Field work commenced at the 85 per cent Telikan in Guinea
and the option on the 68 per cent Mansounia projects was
relinquished to the vendor Afminex. The agreement with
Glencar Mining plc (AIM: “GCM”) on their 85 per cent
Sankarani project in south-western Mali nears completion
with field work scheduled to begin shortly. At the 80 per
cent owned Kisenge project in the southern DRC, positive
drilling results were received on the 50 hole, 3,000 meter
RC drill program. These include; 37m @ 2.2 grams per ton,
55m @ 2.31 grams per ton, 42m @ 2.63 grams per ton,
14m @ 1.69 grams per ton, 10m @ 1.49 grams per ton and
20m @ 1.09 grams per ton.
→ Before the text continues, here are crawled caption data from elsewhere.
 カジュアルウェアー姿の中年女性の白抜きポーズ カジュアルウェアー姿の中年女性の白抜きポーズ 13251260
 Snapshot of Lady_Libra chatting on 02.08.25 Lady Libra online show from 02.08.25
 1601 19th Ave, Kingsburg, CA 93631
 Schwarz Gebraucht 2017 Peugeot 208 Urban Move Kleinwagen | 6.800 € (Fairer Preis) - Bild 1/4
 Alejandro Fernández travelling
Considering that the
programme comprised drilling on wide spaced sections over
3 kilometres of strike, the results are considered to be very
encouraging and will be followed up with additional drilling.
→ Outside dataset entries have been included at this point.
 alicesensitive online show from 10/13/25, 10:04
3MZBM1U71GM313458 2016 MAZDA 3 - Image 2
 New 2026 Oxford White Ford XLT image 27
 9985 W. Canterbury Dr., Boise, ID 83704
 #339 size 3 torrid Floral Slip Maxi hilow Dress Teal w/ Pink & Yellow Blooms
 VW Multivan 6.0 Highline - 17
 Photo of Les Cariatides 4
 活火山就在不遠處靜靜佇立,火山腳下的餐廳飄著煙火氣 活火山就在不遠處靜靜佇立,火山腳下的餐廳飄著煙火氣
At the Central Victoria project in Australia, drilling was
completed on the 3.2 kilometre mineralized horizon on Gold
Fields 100 per cent-owned Lockington tenement. Aircore
and follow-up diamond drilling was completed during the
quarter and continues into the March quarter. Our joint
venture with Geoinformatics Exploration Inc. (TSX-V: “GXL”)
in New South Wales continued during the quarter with
prospect ranking and the relinquishment of several
tenements. In China, field work continues on the Fujian JV
with partners Zijin Mining (HKSE: “2899”) including geologic
mapping and stream sediment sampling of the Fujian
epithermal belt and in the Heilongjiang province with local
state owned partners SMEI.
Comaplex Minerals Corp (TSX: “CMF”), a Canadian
company that is developing the Meliadine West project in
the Nunavut Territory in which Gold Fields owns a 19.8 per
cent interest, completed 15,800 metre drilling program.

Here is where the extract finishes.